Le nouveau dispositif entre progressivement en vigueur, l'ensemble des entreprises devant se mettre en conformité avec celui-ci avant le 1er octobre 2013.

Les référentiels « pesticides »

Cinq référentiels ont été définis et s'imposent aux entreprises intervenant dans le domaine du commerce de produits phytopharmaceutiques :

- Un référentiel commun concerne tous les types d'entreprises, c'est le référentiel : « organisation générale ».

- Un référentiel spécifique s'applique pour la distribution de produits phytopharmaceutiques à des utilisateurs professionnels

- Un référentiel particulier s'applique pour la distribution de produits phytopharmaceutiques à des utilisateurs non professionnels.

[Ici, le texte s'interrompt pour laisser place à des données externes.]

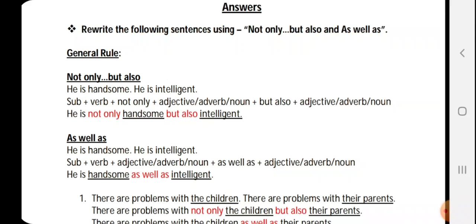We compare the first option and the second option: 'handsome' and 'intelligent.' We add 'not only' before the first option, 'handsome,' and 'but also' before the second option, 'intelligent.' The options can be anything — noun, adjective, adverb, even verb. If it is a verb, we do not add the verb again at the beginning; there will be only one auxiliary verb.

- Un autre concerne l'application de produits phytopharmaceutiques en prestation de services.

- Un dernier, enfin, concerne le conseil indépendant des activités de vente et d'application.

La loi a également donné un cadre juridique plus contraignant à l'activité de conseil, en imposant que le conseil en utilisation de produits phytopharmaceutiques fasse l'objet d'une préconisation écrite59(*).

Pour autant, la loi ne règle pas l'ensemble des difficultés que rencontre l'activité de distribution. Un point est particulièrement sensible : celui de la rémunération des distributeurs et des conseillers en utilisation de produits phytopharmaceutiques. En effet, comment ne pas s'apercevoir que, lorsque l'activité de conseil et celle de vente sont effectuées par la même personne ou la même entité, celle-ci pourrait être tentée d'encourager ses clients à acheter les plus grandes quantités possibles de pesticides.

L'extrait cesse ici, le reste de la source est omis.